И тут до меня дошло, что я делаю. Истерика. У меня банальная истерика. Глубоко вдохнув, чтобы хоть немного успокоиться, я подняла голову на стоявшего на том же месте Мефистора. Тот выглядел абсолютно спокойным, будто наблюдать за подобным для него давно вошло в привычку.

– Смотришь… Нечего сказать? Ты всегда был таким, – криво усмехнулась я. – Тебе всегда на все наплевать. И меня ты всегда ненавидел. Это месть мне, да?

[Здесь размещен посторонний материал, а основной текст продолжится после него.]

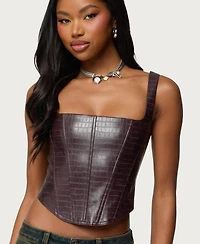 Edikted Women's Shana Faux Croc Corset Top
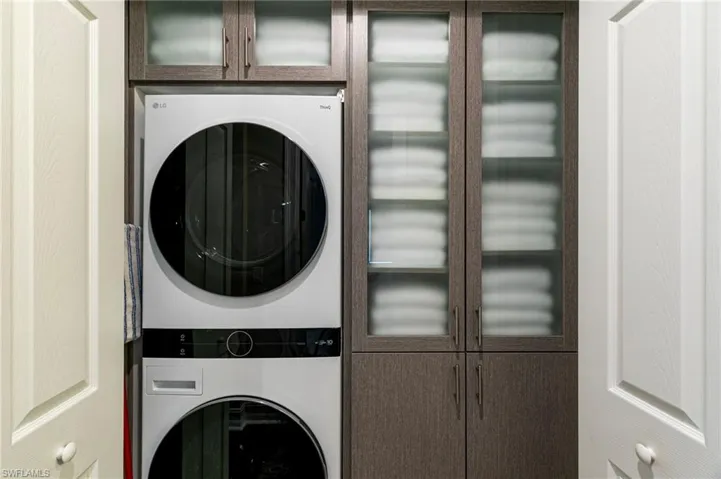 Custom Laundry Center with NEW LG front load laundry pair & MORE storage!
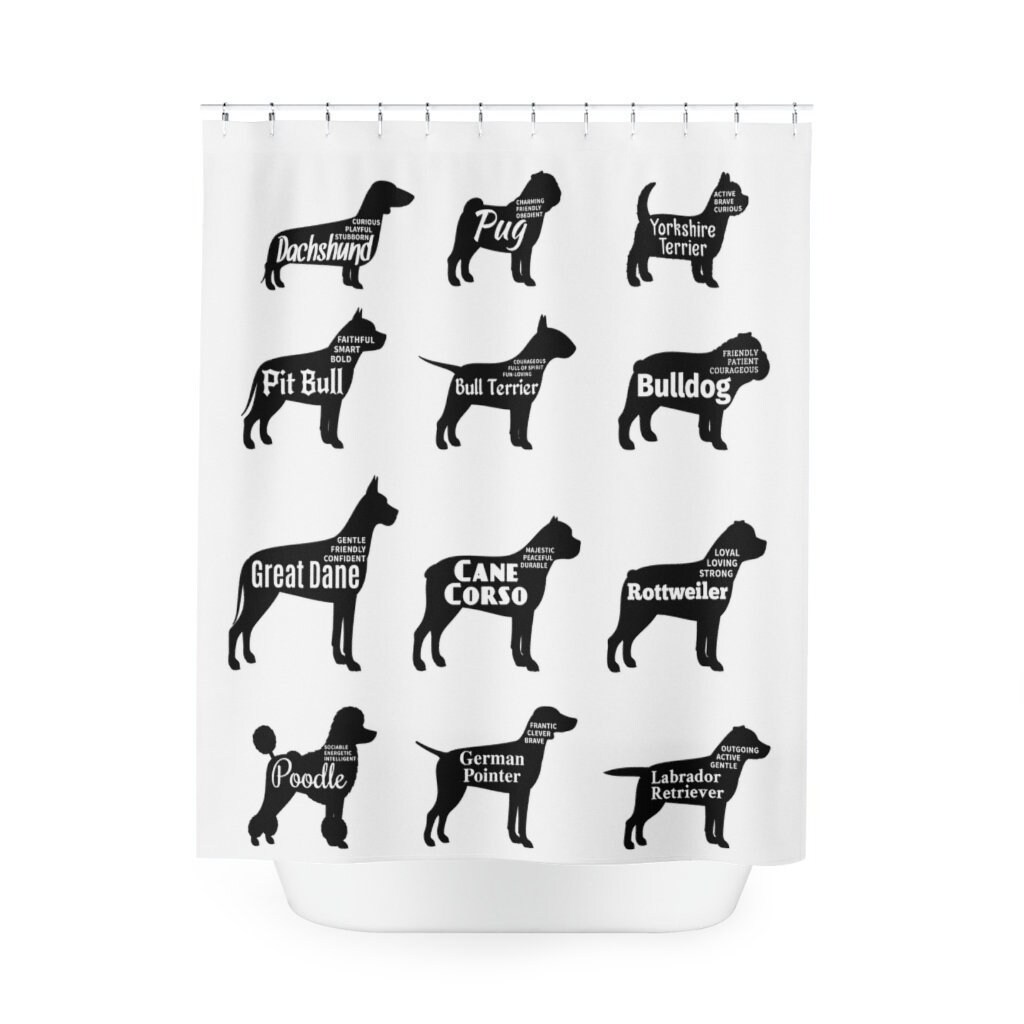 Creative Dog Breeds Shower Curtain - Black And White Home Decor - Image 2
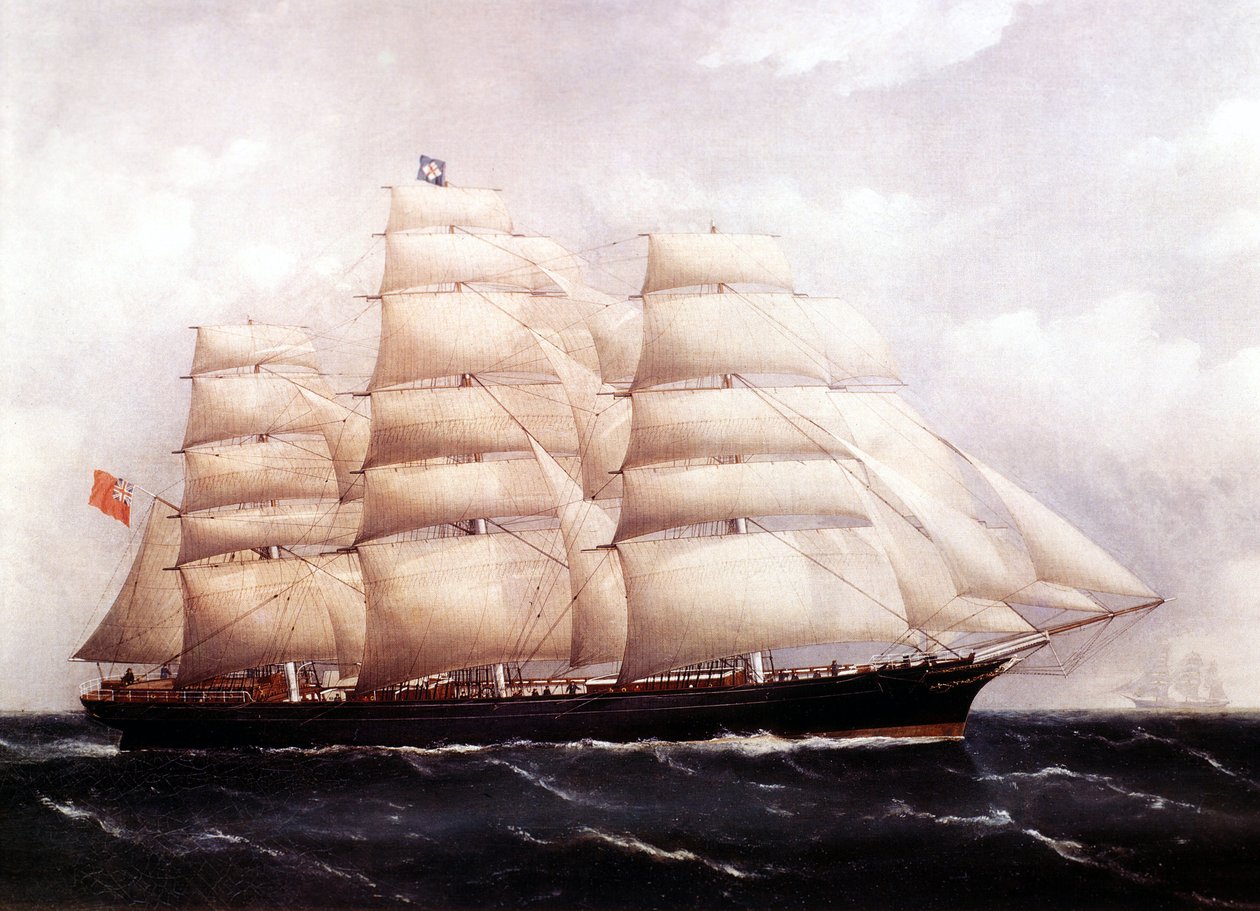 Udsigt til Cutty Sark, det britiske skibsmaleri i det 19. århundrede af Unknown artist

– Ты говоришь глупости, – равнодушно ответил демон, все так же сверля меня своими бутылочно–зелеными глазами. Как у отца… Как у моего Гайрона, которого он убил… – Я никогда не испытывал к тебе ненависти. Слишком незначительна была твоя роль в моей жизни, чтобы я питал к тебе настолько сильное чувство.

– Вон оно как, – медленно протянула я. – Значит, я, по твоему мнению, даже ненависти не достойна, да? Тогда послушай меня, – тут я перешла на шипение, не в силах совладать с собой. – Мне даже смотреть на тебя противно! Ты вызываешь омерзение… Как вызывал его у своего отца. Гайрон ненавидел тебя, видимо, посчитал достойным…

– Я прекрасно осведомлен о тех чувствах, что испытывал ко мне демон, называвший себя моим отцом. Последнее, очевидно, случилось только лишь по ошибке природы…

– Убирайся, – отвернулась я от него. – Убирайся! Мне не нужны ни твои сожаления, ни твоя поддержка, ни твоя помощь!

– Ты можешь оставаться во дворце столько, сколько этого пожелаешь.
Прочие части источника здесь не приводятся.